Work required »
The answer must be every line of the records below that contains the word "Print".

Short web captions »
====
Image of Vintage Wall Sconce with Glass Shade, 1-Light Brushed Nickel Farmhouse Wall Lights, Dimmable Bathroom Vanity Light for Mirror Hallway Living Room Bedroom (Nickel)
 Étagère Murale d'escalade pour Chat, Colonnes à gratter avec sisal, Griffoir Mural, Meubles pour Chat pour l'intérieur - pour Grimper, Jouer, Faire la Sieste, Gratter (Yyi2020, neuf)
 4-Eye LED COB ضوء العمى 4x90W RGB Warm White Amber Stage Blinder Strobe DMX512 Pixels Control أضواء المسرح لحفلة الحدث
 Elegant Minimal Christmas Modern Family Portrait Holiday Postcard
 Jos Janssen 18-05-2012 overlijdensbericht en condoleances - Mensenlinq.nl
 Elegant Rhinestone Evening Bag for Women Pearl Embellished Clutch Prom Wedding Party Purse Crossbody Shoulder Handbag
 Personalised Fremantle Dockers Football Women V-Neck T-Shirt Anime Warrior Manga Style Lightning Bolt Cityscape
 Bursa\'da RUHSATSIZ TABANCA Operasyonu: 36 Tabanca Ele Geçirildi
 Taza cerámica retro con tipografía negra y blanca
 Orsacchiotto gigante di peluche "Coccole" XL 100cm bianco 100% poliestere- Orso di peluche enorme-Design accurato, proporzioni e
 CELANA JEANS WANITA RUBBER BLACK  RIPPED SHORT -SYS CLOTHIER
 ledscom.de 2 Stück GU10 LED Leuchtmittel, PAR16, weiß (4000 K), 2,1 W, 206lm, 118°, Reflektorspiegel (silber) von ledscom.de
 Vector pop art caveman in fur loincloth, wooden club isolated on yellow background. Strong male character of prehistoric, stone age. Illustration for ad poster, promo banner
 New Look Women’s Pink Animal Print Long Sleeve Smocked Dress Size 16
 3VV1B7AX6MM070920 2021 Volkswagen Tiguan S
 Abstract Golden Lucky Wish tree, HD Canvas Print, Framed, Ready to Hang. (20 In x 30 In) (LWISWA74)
====
Written solution »
 New Look Women’s Pink Animal Print Long Sleeve Smocked Dress Size 16
 Abstract Golden Lucky Wish tree, HD Canvas Print, Framed, Ready to Hang. (20 In x 30 In) (LWISWA74)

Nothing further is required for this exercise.